One has $$\pi(2x) \sim \frac{2x}{\log x}$$ by the prime number theorem and and $$\phi(x) \gg \frac{e^{-\gamma} x}{\log \log x}$$ by standard estimates (see the wikipedia page https://en.wikipedia.org/wiki/Euler%27s_totient_function), so since the latter grows much faster there can only be finitely many integers satisfying your inequality (and this finite set has density zero, obviously).
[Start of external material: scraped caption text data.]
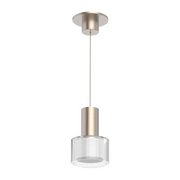 WAC PD-250905 Twist-N-Lite 1-lt 5" LED Pendant, 5CCT - Brushed Nickel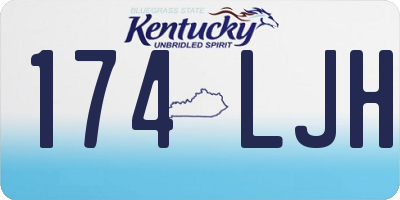 KY license plate 174LJH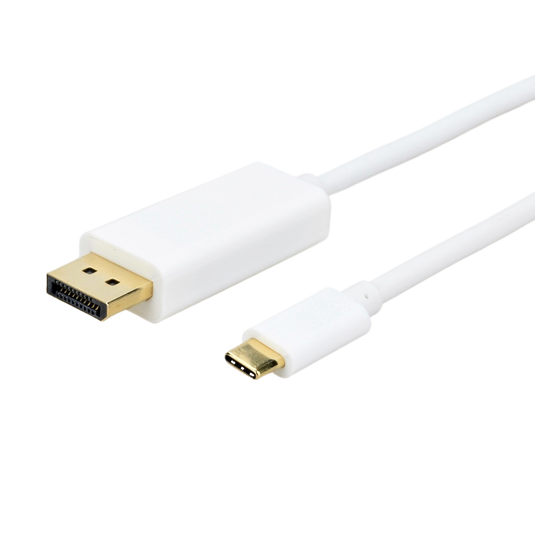 4XEM USB-C to DisplayPort Cable - 3FT - White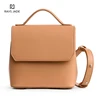 New stylish designer leather brown mini backpack bag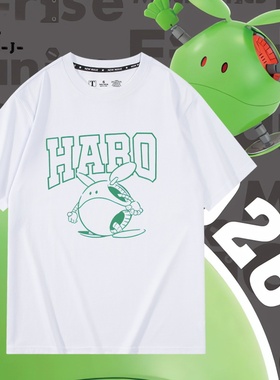 STRICT-G机动战士高达哈啰动漫周边短袖t恤男女上衣服纯棉半截袖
More precisely, one has:

$$\frac{n}{\phi(n)} \le e^{\gamma} \left( \log \log n + \frac{2.5}{e^{\gamma} \log \log n} \right)$$ for all $n \ge 3$ except for $n = 3 \times 5 \times 7 \times 11 \times 13 \times 17 \times 19 \times 23$,

(See Lemma 4 here: https://empslocal.ex.ac.uk/people/staff/mrwatkin/zeta/grytczuk.pdf)

and $$\pi(x) < 1.25506 \cdot \frac{x}{\log x}$$

for $x \ge 17$ (see https://en.wikipedia.org/wiki/Prime-counting_function) and just from these inequalities (computing $\phi(223092870)$ by hand) we already get $$\frac{\phi(2x) - 1}{2} > \pi(2x), \quad x > 10^6$$

But then the smaller examples one can check by computer, and find the inequality you want holds for exactly $649$ integers, the largest one being $45045$ with $$\frac{\phi(90090) - 1}{2} = 8639.5 < 8726 = \pi(90090).$$

Answer 2

We can rephrase your question as: for which $m$ does $$ \pi(2m) \geq \frac{\phi(2 m)}{2} $$ hold, or equivalentely $$ \frac{\phi(2m)}{\pi(2m)} \leq 2. $$ Now for large enough $m$, $\pi(m) \approx \frac{m}{\log(m)}$, so this inequality becomes (roughly speaking) $$ \frac{\phi(2m)\log(m)}{m} \leq 2. $$ One expression for $\phi(k)$ is $k\prod_{p \mid k}\left(1-\frac1p\right)$, where the variable $p$ runs over the primes, so we can rewrite this as $$ \log(m)\prod_{p \mid 2m}\left(1-\frac1p\right) \leq 1. $$ Taking logarithms on both sides, $$ \log(\log(m)) + \sum_{p \mid 2m}\log\left(1-\frac1p\right) \leq 0. $$ For large $p$, $-\frac1p$ is a good approximation for $\log\left(1-\frac1p\right)$, so the question becomes $$ \log(\log(m)) - \sum_{p \mid 2m} \frac1p \leq 0. $$ Now a standard approximation tells us that this last sum is approximately equal to $\log(\log(p))$ where $p$ is the largest prime in the sum. Clearly the largest prime in this sum will be much smaller than $m$, because we took the best case $m$: where $m$ is a product of lots of distinct small primes.

Thus your inequality should hold almost never.